By this point I was beginning to run short on time, and was losing patience, “It’s a little cedar block,” I explained, “There’s another one in this pocket and yet another in this one.”
“Let me see,” she demanded.
So, I pulled the cedar blocks out of my pockets and handed them to her. “See?” I said, “Now can I go?”
She then asked, “Why do you have cedar blocks in your pockets?”
“I’m just trying to keep the moths out of my wool,” I explained, “this is an Armani suit and I’d like it to not get eaten.”
“You know,” she said with skepticism, “people like to take these and burn their drugs on them.”
“I wouldn’t know anything about that,” I said resolutely, “They are moth repellent to me.”
“It’s suspicious for you to have them in your pockets,” she pushed.
“No it’s not,” I posited, “it’s responsible ownership of good wool.”

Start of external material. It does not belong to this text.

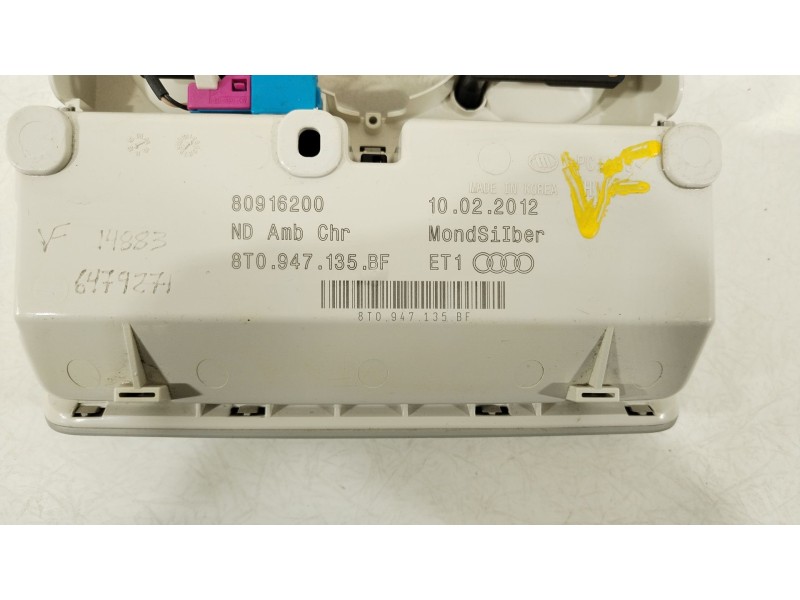 Recambio de luz interior para audi a4 b8 (8k2) 2.0 tdi referencia OEM IAM 8T0947135BF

She finally let me go and I did make it in time for check in. I’ve had other experiences similar to this where a LEO was treating me as an inferior, but this was the worst. For whatever reason, I never think to get the officer’s badge number and name at the time. Anyway, what strikes me is that this officer had dealt with so many convicted criminals that she had become jaded to the point of it being impossible to see a law-abiding citizen for what they were. She just knew that there was something wrong with me. She was going to figure it out, even though there was nothing there. This is a problem. I should not have to justify a harmless piece of cedar in the pocket of my Armani jacket. The very thought of it is asinine. I see this as a manifestation of the same problem that the trigger-happy cops in LA displayed last week. They’ve been so screwed in the head that everyone and everything looks like the boogeyman to them. In my opinion, if you get to that level of paranoid delusional, they should have long since taken your badge away before you shoot someone or harass someone reporting for jury duty. The little deputy who submitted me to that grilling didn’t draw on anyone that day, but she was showing a gross lack of judgment all the same.